**Task to complete**
Only the lines from the beginning of the data below through the line containing "Apartment Akabane Tk Building 303 *" belong in the response, each copied exactly.

[Collection entries]
▼
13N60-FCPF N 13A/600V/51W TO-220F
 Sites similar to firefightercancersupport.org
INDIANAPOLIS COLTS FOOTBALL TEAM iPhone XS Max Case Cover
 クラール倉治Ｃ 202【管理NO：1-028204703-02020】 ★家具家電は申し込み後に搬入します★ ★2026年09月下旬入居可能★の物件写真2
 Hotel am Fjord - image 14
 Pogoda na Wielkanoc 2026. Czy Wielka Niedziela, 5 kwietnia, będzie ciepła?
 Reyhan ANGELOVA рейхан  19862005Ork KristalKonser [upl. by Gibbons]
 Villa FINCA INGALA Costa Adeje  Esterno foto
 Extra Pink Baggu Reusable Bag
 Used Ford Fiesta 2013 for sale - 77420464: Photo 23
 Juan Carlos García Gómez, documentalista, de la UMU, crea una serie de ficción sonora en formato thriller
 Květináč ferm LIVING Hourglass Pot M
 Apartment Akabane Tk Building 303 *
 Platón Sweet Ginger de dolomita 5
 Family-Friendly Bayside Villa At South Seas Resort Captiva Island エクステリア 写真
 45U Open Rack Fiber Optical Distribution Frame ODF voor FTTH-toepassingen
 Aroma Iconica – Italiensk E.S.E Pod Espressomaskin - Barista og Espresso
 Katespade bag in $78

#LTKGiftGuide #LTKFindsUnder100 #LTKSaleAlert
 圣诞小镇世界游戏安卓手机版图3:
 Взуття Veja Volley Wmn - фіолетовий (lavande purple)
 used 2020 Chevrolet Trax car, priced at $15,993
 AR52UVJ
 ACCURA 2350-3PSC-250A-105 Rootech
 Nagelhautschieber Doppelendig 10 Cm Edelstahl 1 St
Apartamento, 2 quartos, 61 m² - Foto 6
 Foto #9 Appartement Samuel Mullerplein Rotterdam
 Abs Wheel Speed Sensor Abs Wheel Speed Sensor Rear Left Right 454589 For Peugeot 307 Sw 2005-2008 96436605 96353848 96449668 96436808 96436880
▲
**Exercise result**
13N60-FCPF N 13A/600V/51W TO-220F
 Sites similar to firefightercancersupport.org
INDIANAPOLIS COLTS FOOTBALL TEAM iPhone XS Max Case Cover
 クラール倉治Ｃ 202【管理NO：1-028204703-02020】 ★家具家電は申し込み後に搬入します★ ★2026年09月下旬入居可能★の物件写真2
 Hotel am Fjord - image 14
 Pogoda na Wielkanoc 2026. Czy Wielka Niedziela, 5 kwietnia, będzie ciepła?
 Reyhan ANGELOVA рейхан  19862005Ork KristalKonser [upl. by Gibbons]
 Villa FINCA INGALA Costa Adeje  Esterno foto
 Extra Pink Baggu Reusable Bag
 Used Ford Fiesta 2013 for sale - 77420464: Photo 23
 Juan Carlos García Gómez, documentalista, de la UMU, crea una serie de ficción sonora en formato thriller
 Květináč ferm LIVING Hourglass Pot M
 Apartment Akabane Tk Building 303 *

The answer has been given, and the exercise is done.